F. Scott Fitzgerald’s original short story of the same name was actually inspired by a remark from Mark Twain, in which he commented that it was unfair that the best part of life is in the beginning and the worst at the end. While Fitzgerald’s story largely follows this assumption about the best and worst parts of life, David Fincher’s artful film demonstrates the great cyclical similarities of our mortality, whether lived backward or forward. It’s about the artificiality of the differences, and what beautiful artifice it is.

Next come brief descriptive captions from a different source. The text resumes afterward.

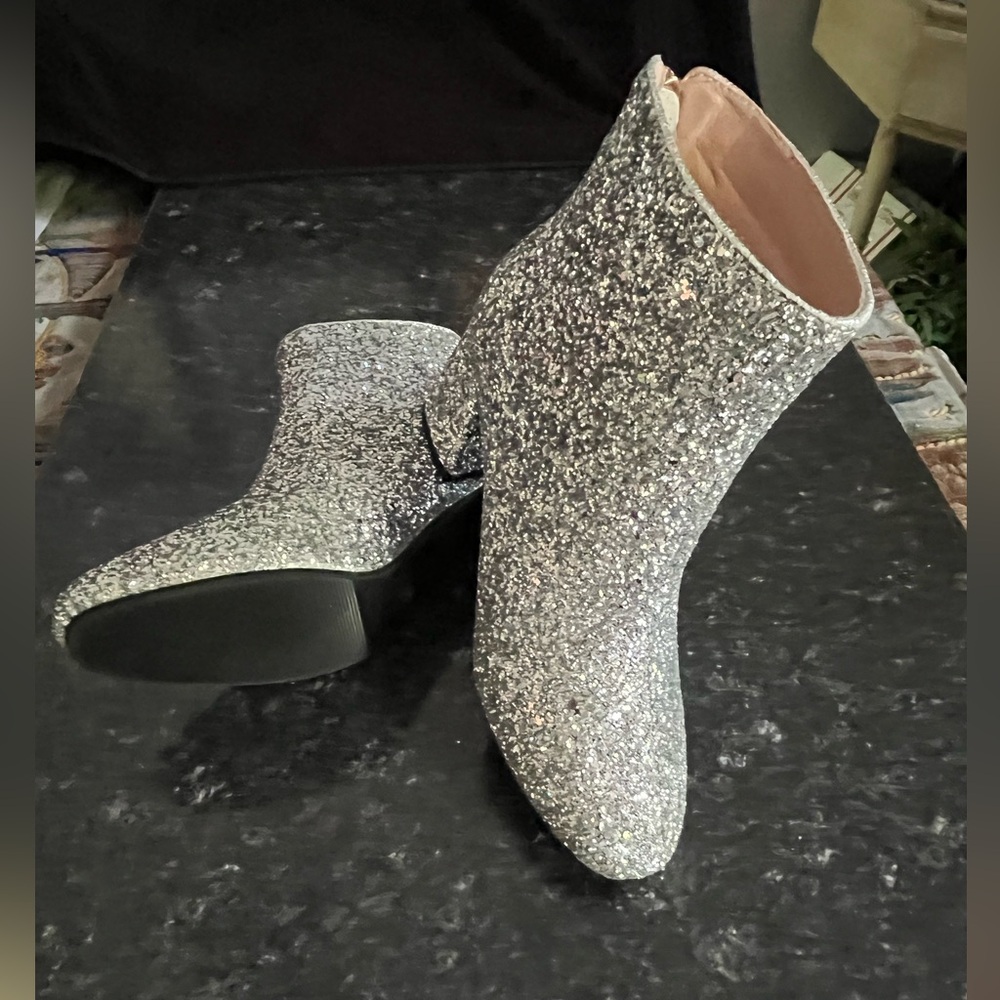 Ladies silvery glitter back zip boots size 7.5 - Picture 6 of 6
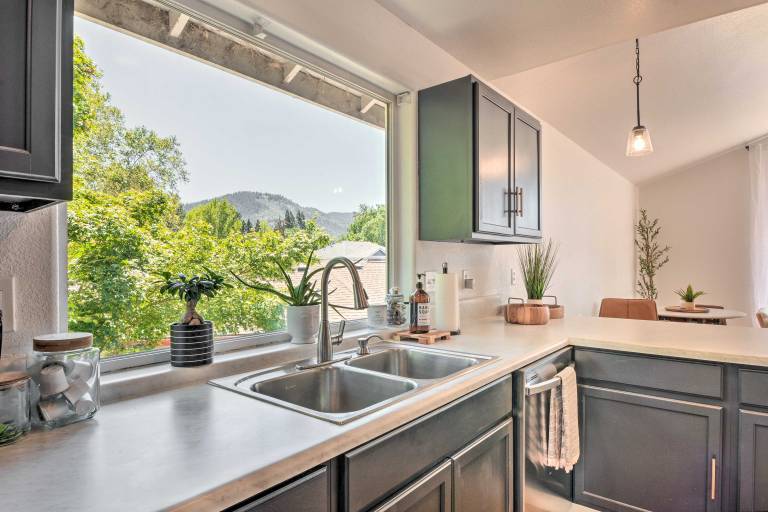 Close to Parks & Brews: Sunny Grants Pass Apt! — photo 2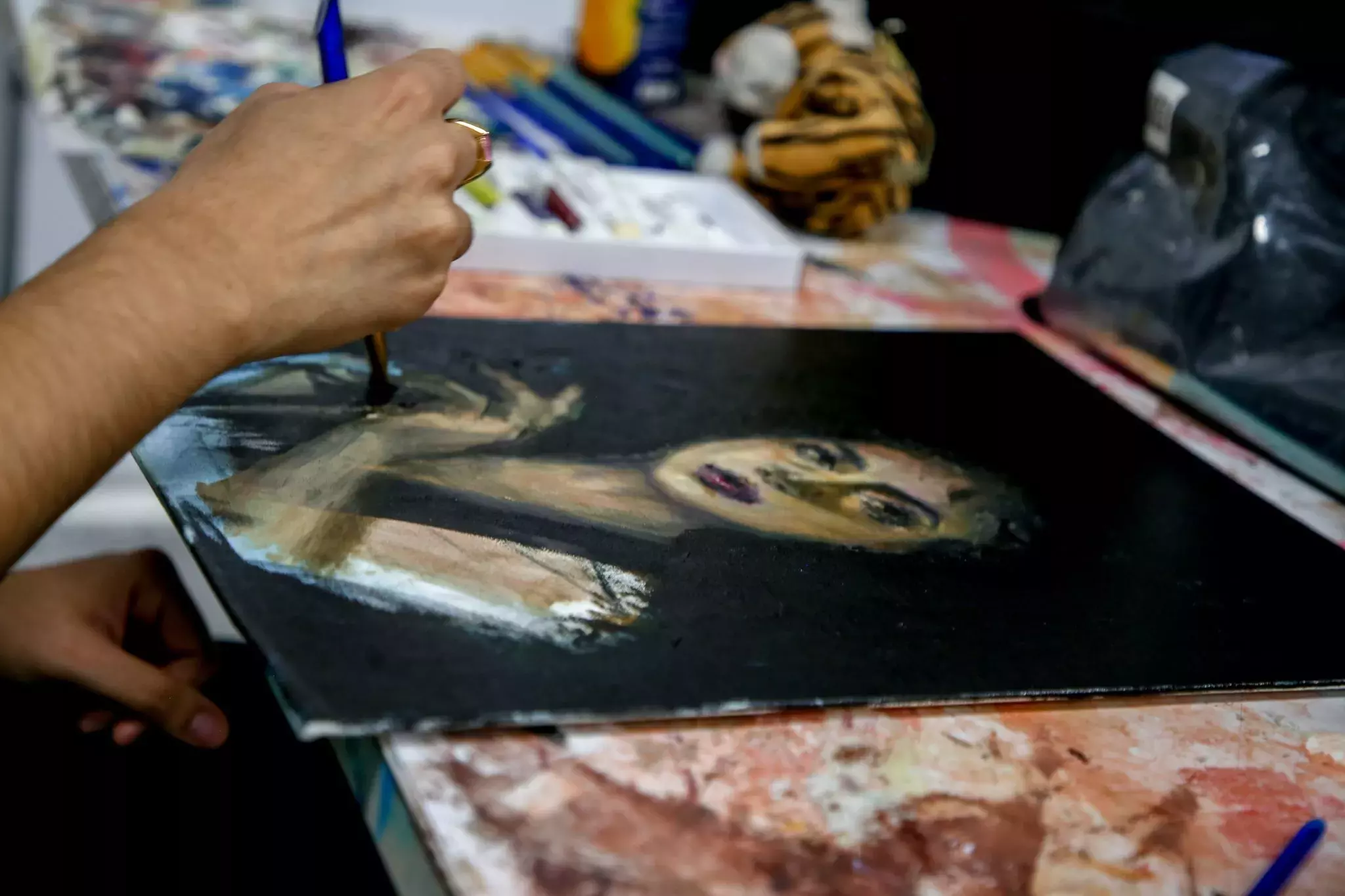 Estudiante pintando una mujer seria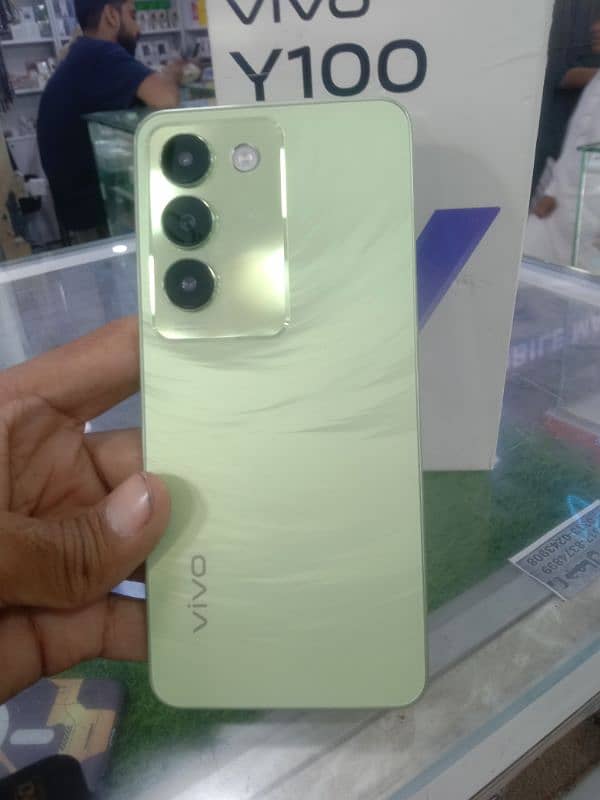 vivo y 100 6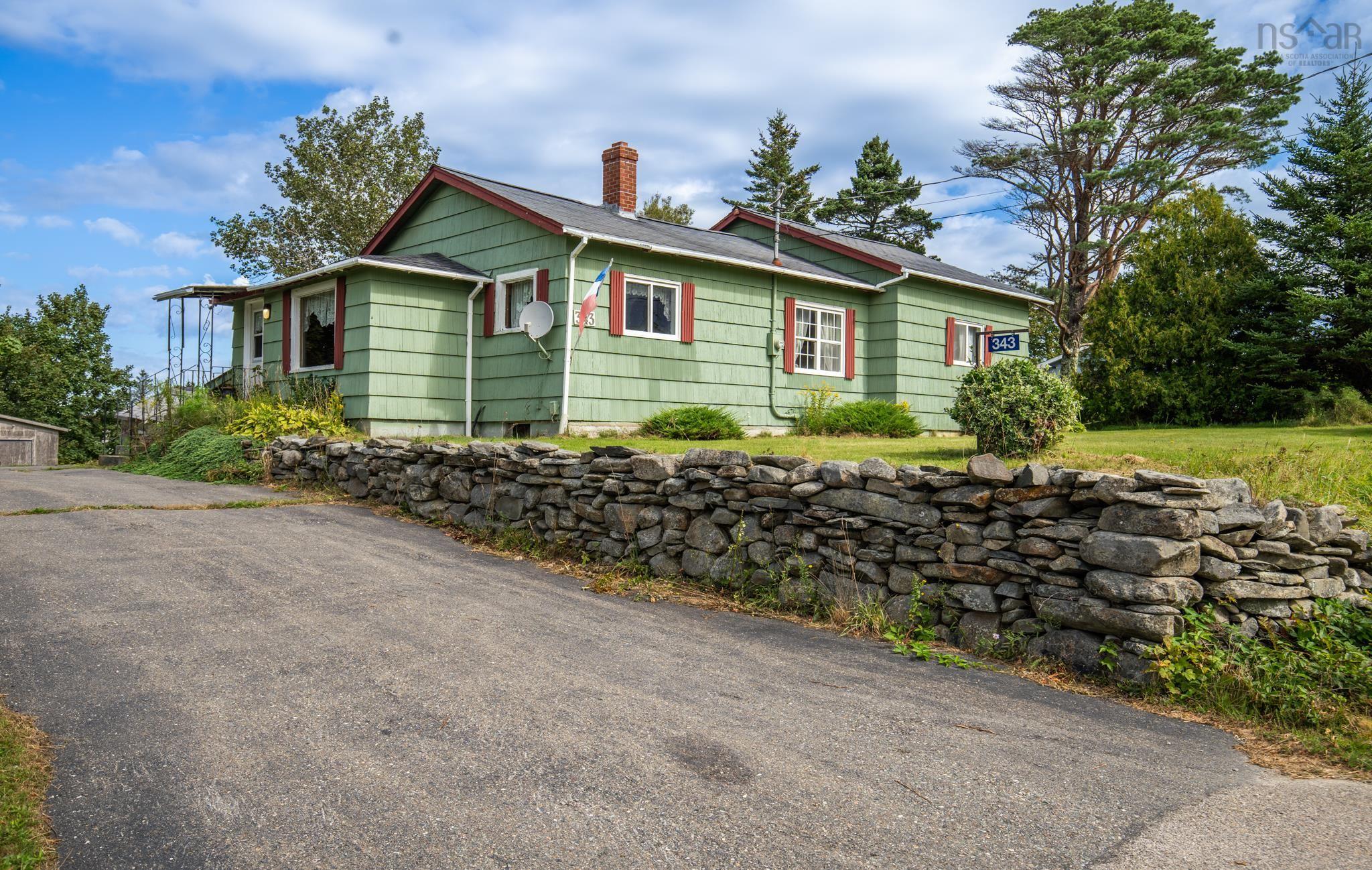 Peaceful Country Property With Privacy, Acreage,  Lakefront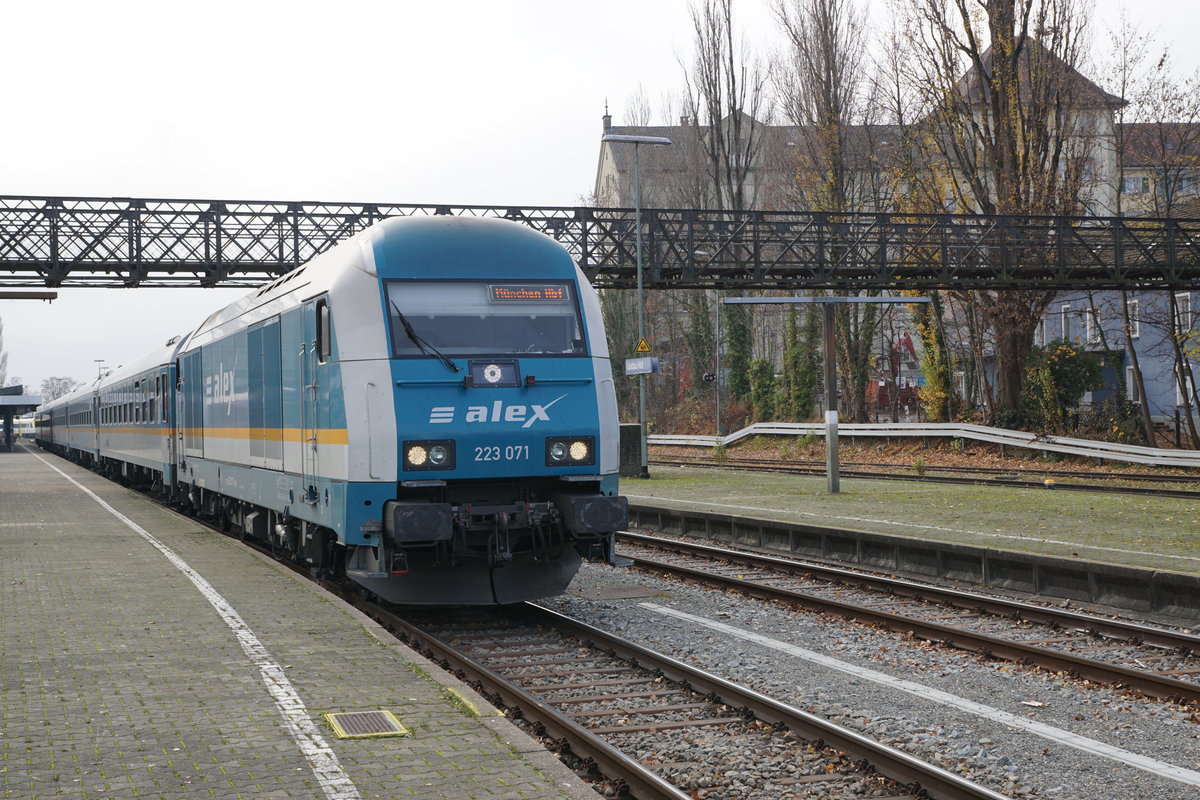Der alex sagte Adé.
In Lindau Hauptbahnhof werden von den  gegenwärtigen acht Bahnsteiggeleisen zwei zurückgebaut.  Der Inselbahnhof wird künftig  nur noch von der S-Bahn aus dem österreichischen  Bludenz und den Regionalbahnen aus Friedrichshafen, Memmingen und Kempten angefahren. Platz hat es nicht mehr für die fotogenen Züge von alex. Mit dem Fahrplanwechsel vom 13. Dezember 2020 endete der Verkehr des alex im Allgäu nach 17 Jahren.
Der alex sagte Adé.
Foto: Walter Ruetsch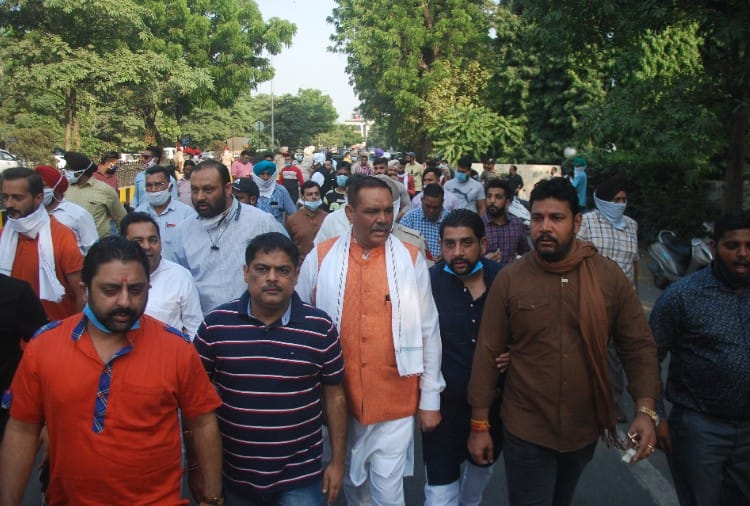 Go back slogans against Vijay Sampla when he reached Jalandhar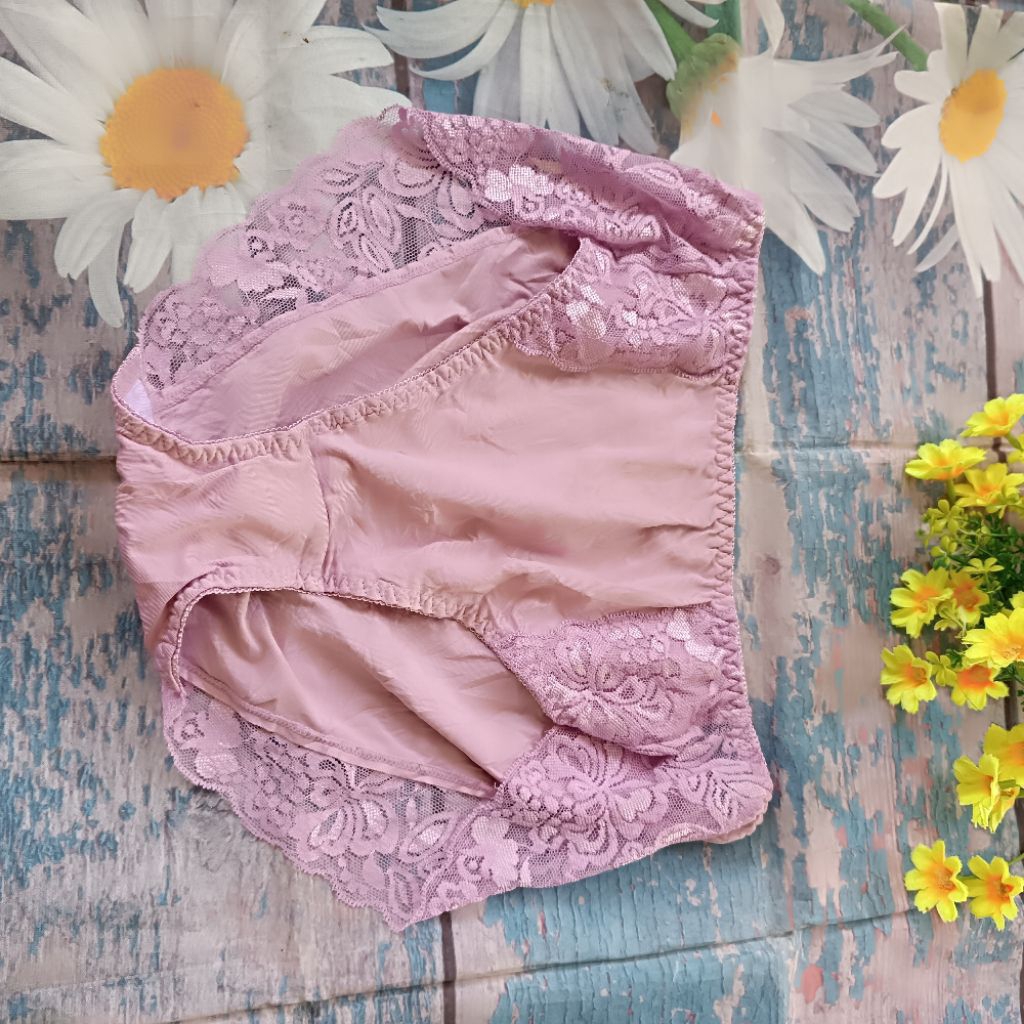 18-7, quần chíp lụa ren size m, bán 39k, khách mua chat shop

The fairytale-like film about a man who was born 80 and grew younger, Benjamin Button glows ethereally on the screen. Like moving paintings, each lush shot is carefully crafted and laid out across its living, breathing New Orleans canvas. And nothing is quite so gorgeous to watch as the curious trick of watching Brad Pitt get younger and prettier in each frame.
Pitt gives a tour de force performance as the boy with the backward life. His naïveté and boyishness charm delight with an easy sweetness. It’s impossible not to love Benjamin Button, the man who’s so curiously interested in the world and those people who live their days in the right succession. Equally enchanting is Benjamin’s great love, Daisy (the stunning, age-defying beauty Cate Blanchett), a dancer who’s loved Benjamin since he was an old man, and one day finds herself lucky enough to meet him in the middle.
Supporting players Taraji Henson, Tilda Swinton, and Jared Harris lend their significant talents to the tale. Henson is endearing and lovely as Queenie the faithful, young woman who takes Benjamin in and raises him as her own. Swinton steals kisses and screen time from Benjamin’s other red-haired leading lady during his travels in Russia. And Jared Harris and his bumbling, quirky crew of steam boaters provide lighthearted and serious moments as they travel abroad before eventually joining the war effort against the Germans.
Benjamin Button dances between an epic love story and an epic life story. Benjamin’s story is told through a diary he wrote for Daisy toward the end of his young life, before he could no longer remember her or the curiously remarkable life he had lived. Daisy’s daughter (Julia Ormond) reads the story to her mother on her death bed.
It sets up a mirror for their two lives – one in which they both grow up as misplaced youths in an old folks home, go off on their own paths to self discovery, seeking new loves, wars, and other disasters, before finally finding each other again. It’s full of light humor, tearful departures, and deep humanity. It’s a film about two extraordinary people and their extraordinary journey together – which in the end wasn’t all that extraordinary at all.
Shakespeare knew that the beginnings and endings of life weren’t all that different. F. Scott with his obsession with youth seemed to have forgotten, as many of us have, but Benjamin Button affirms Shakespeare’s notion. Daisy is just as stunning in her old age as she was as a lithe, youthful ballerina. Benjamin Button asserts again and again that there’s nothing to fear from old age.
While it’s much too slow to start and lacks the plot urgency to make its 3 hour length feel short, Fincher’s film remains a cinematic triumph in story telling. Let’s face it, we can’t turn back time and we can’t reverse it. But what difference would it make if we could? A life lived backward isn’t all that different from a life lived forward. The Curious Case of Benjamin Button is timeless not because of its gimmick but because it’s not afraid to show life’s beauty in all its stages.